A manufacturing company faced a significant operational challenge: thousands of tax exemption certificates stored as PDF files needed their data manually extracted and entered into Oracle E-Business Suite for compliance and financial processing. This labor-intensive process was error-prone, time-consuming, and created a backlog that delayed order processing.

I designed and implemented an automated solution that leverages Azure’s Content Understanding API to intelligently extract structured data from tax certificate PDFs and seamlessly integrates with the client’s Oracle EBS environment.
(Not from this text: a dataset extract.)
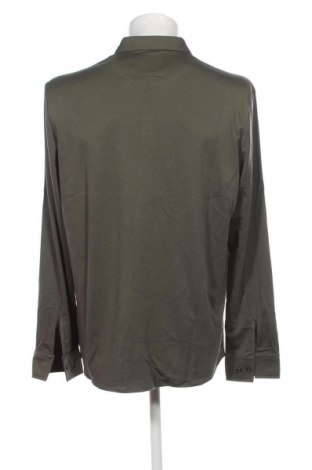Ανδρικό πουκάμισο Gabbiano, Μέγεθος XXL, Χρώμα Πράσινο, Τιμή 29,77 €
The solution processes documents in batch, validates extracted data, and stores results in Oracle database tables for immediate use by downstream financial systems.

The system is now processing the company’s existing backlog of 5,700+ certificates while also handling new uploads, delivering consistent 95-99% accuracy and reducing per-document processing from manual hours to automated seconds.

Business Challenge

The business urgently needed to eliminate manual processing of tax exemption certificates that was creating several critical problems:

  • Manual Data Entry Backlog: Finance team had to manually open each PDF certificate and transcribe purchaser information, certificate numbers, and expiration dates into Oracle EBS
  • Processing Delays: Manual extraction was creating bottlenecks in order fulfillment, as tax exemption validation had to be completed before processing orders
  • Error Risk: Manual transcription introduced data quality issues that could result in compliance problems or incorrect tax treatment
  • Scalability: As the business grew, the volume of certificates increased but staffing couldn’t scale proportionally
  • No Audit Trail: Lack of automated tracking made it difficult to know which certificates had been processed or identify data quality issues
  • Expiration Management: No automated way to flag expiring certificates, risking use of invalid exemptions

The business needed an automated solution that could process their existing backlog of thousands of PDFs while handling new certificates as they arrived, all while maintaining data quality and integration with existing Oracle EBS workflows.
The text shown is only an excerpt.